143 Cal. App. 3d Supp.1

Appellate Department, Superior Court, Los Angeles

[Crim. A. No. 20134.

Apr. 1, 1983.]

THE PEOPLE, Plaintiff and Respondent, v. MARK DANIEL WOODARD, Defendant and Appellant.

*Supp.3Counsel

Nancy B. Sperber for Defendant and Appellant.

Robert H. Philibosian, District Attorney, Roderick W. Leonard and Sterling S. Suga, Deputy District Attorneys, for Plaintiff and Respondent.

Opinion

REESE, J.

I.

Factual Background

This is an appeal from the judgment rendered against appellant on July 8, 1982, in Whittier Municipal Court following appellant’s guilty plea to a violation of Vehicle Code section 23152, subdivision (b) (a person with a blood alcohol content of 0.10 percent or greater, driving a motor vehicle). Prior to the plea entry, the court heard and overruled a demurrer filed by appellant. The judgment provided that appellant be placed on summary probation for three years, ordered to pay a fine of $390 plus penalty assessment, ordered to participate in an alcohol education program, and that his driving privileges be restricted for ninety days. Notice of appeal was timely filed.

n.

Issues

Appellant attacks the constitutionality of Vehicle Code section 23152, subdivision (b) upon the same grounds as charged in his overruled demurrer:

(1) The statute fails to provide adequate notice and thereby results in a denial of due process of law;

*Supp.4(2) The statute is an invalid strict liability statute; and

(3) The statute in conjunction with other state laws is in violation of the Fifth Amendment right against self-incrimination.

m.

Discussion

A. Adequacy of Notice

1. It is a general rule of statutory construction that appellate courts should construe statutes so as to render them valid whenever possible. (Bryant v. Swoap (1975) 48 Cal.App.3d 431, 439 [121 Cal.Rptr. 867].) Unconstitutionality must be clearly shown and any doubts resolved in favor of the statute’s validity. (Erlich v. Municipal Court (1961) 55 Cal.2d 553, 558 [11 Cal.Rptr. 758, 360 P.2d 334].)
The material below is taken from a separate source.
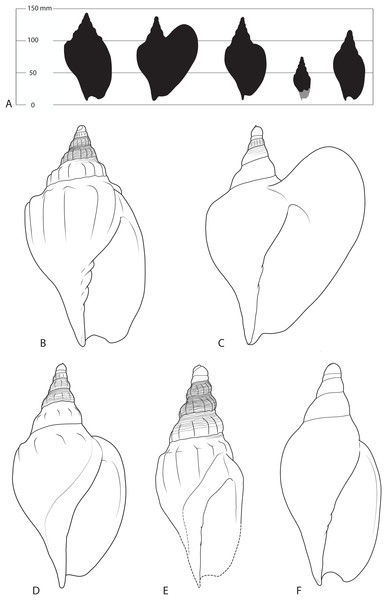 Shells of various Livoniini compared.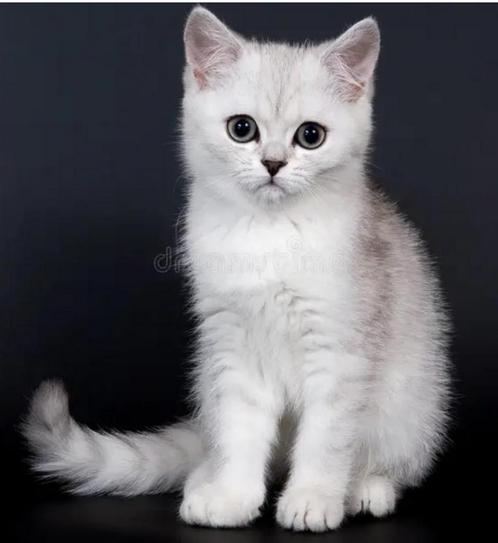Britse Korthaar Kittens, Dieren en Toebehoren, Katten en Kittens | Raskatten | Korthaar, Meerdere dieren, 0 tot 2 jaar, Ontwormd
2. We disagree with appellant’s contention that Vehicle Code section 23152, subdivision (b) is void for vagueness and is a denial of due process in not providing fair notice of the conduct prohibited. The statute does not require, as appellant alleges in argument, that “every person be aware of very specific formulas.” An analogous meritless position was adopted by the appellant in People v. Perkins (1981) 126 Cal.App.3d Supp. 12, 21 [179 Cal.Rptr. 431] charging that Vehicle Code section 23126 (now Veh. Code, § 23155) was unconstitutionally vague. In that case, this court stated, “This argument is based on the premise that one cannot be expected to know when his blood alcohol will reach a level to invoke the statutory presumption. There is no showing, nor could there reasonably be, that a driver cannot tell when his or her sobriety has been affected to such an extent as to significantly impair driving ability.” (Italics added.)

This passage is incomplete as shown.